一昨日、昨日と、僕が仕事でいかにほかの人と競い合わないようにしてるかということについて書いたが、じゃあそれで毎日ラクに過ごせてるのかというと、まったくそんなことはない。むしろ、足跡のない荒野を突っ切ろうとしてる時点で、人よりしんどい思いをしてるのではないかと思う。

一冊の本に自分の思いの丈を込めて作り上げるという作業は、本当に、ものすごい量のエネルギーを消費する。そもそも本を出せるような状況に持っていくには、それだけで何カ月も、場合によっては一年以上もかけて、時に理不尽なことにも耐えながら粘り強く交渉し続けなければならない。いろんなものごととの戦いで、ほんと、ヨレヨレのボロボロになる。今も割とそういう状態に近い(苦笑)。

こんなにつらいなら、やめてしまえばいいじゃないか、と思う時もある。もっとラクな立ち位置に逃げてしまえばいいじゃないかと。でも、やっぱり、ここから逃げるのは、自分の心に背くことなのだ。心の底から作りたいと思える本を作ることのできる可能性があるのなら、それがゼロにならないかぎり、みっともなくてももがき続けるのが、自分の選んだ道なのだと思う。

だからこれからも、誰もいない、足跡のない荒野を歩く。

100人中、何人?

僕は基本的にアマノジャクなので、世の中で100人中100人が「いい!」と言ってるものには、怪しんで近寄ろうとしないところがある。百万部のベストセラーの本とか、大ヒット街道爆進中の映画とか、ヘビロテされまくりの歌とか、長い行列のできるパンケーキ屋とか。それは感覚的にひねくれてるところがあるからだろうな、と自覚している。

文章なり写真なりで本を作る側の立場からすると、ビジネスの視点だけで考えれば、100人中100人が「いい!」と喜んで買ってくれるような本づくりを目指すべきなのかもしれない。でも、そうしたアプローチはほぼ間違いなく、うまくいかない。何を伝えたいのかがぼやけて、結局、面白くも何ともないものになってしまう。少なくとも、ひねくれ者の僕は、そういう本を面白いとは思わない。
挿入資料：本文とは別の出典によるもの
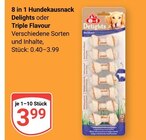 Hundekausnack Delights im Angebot bei GLOBUS in Kempen Hundekausnack Delights Angebote von 8 in 1 bei GLOBUS Kempen für 3,99 €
少なくとも本づくりに関しては、作り手自身が面白いと思えるものをぶれずに目指すのが一番いいと思う。それが、100人中1人にしか届かなかったとしても、その1人の心をほんの少しでも動かすことができたなら、その本には、この世界に存在すべき価値がある。

丑三つ時の妄想

新しいアイデアというのは、ふとしたはずみで出てくるものだが、僕の場合、どうもそのタイミングが丑三つ時に集中している。

そろそろ寝るかとパソコンを閉じ、歯を磨いて、布団をめくって中に潜り込み、スヤァ‥‥となりかけたとたん、文字通り、ぽん、と音を立てるようにしてアイデアが浮かんでくるのだ。それは、本や雑誌記事のテーマだったり、タイトルやキャッチコピーの具体的な文言だったり、その時々によっていろいろなのだが。

薄れゆく意識の中で浮かんできたこのアイデア、翌朝もまあ覚えてるだろうとそのまま寝入ってしまうと、僕はまず間違いなく忘れてしまう(苦笑)。なので、睡魔に抗うようにしてむくりと起き上がり、暗闇の中を居間のデスクまで歩いていって、ブロックメモにそのアイデアを殴り書き。それで安心して寝床に戻る。

で、翌朝、あらためてそのメモを見返してみると、なんでこんなのが珠玉のアイデアに思えたんだろう、という場合がほとんど(苦笑)。でも、昨日の丑三つ時に思いついたアイデアは、今朝になって見返しても、そんなに悪くない。うまく形にできるといいな。こんな風にして僕は本を作っている。

がむしゃらに

この間、とある会社から、まったく予想もしてなかったような打診を受けた。最終的にそれが仕事という形になるかどうかはわからない、というか、そうなる確率はけっして高くないのだが、少なくとも、そういう打診をもらえたこと自体、僕にとっては一種の励みになるものだった。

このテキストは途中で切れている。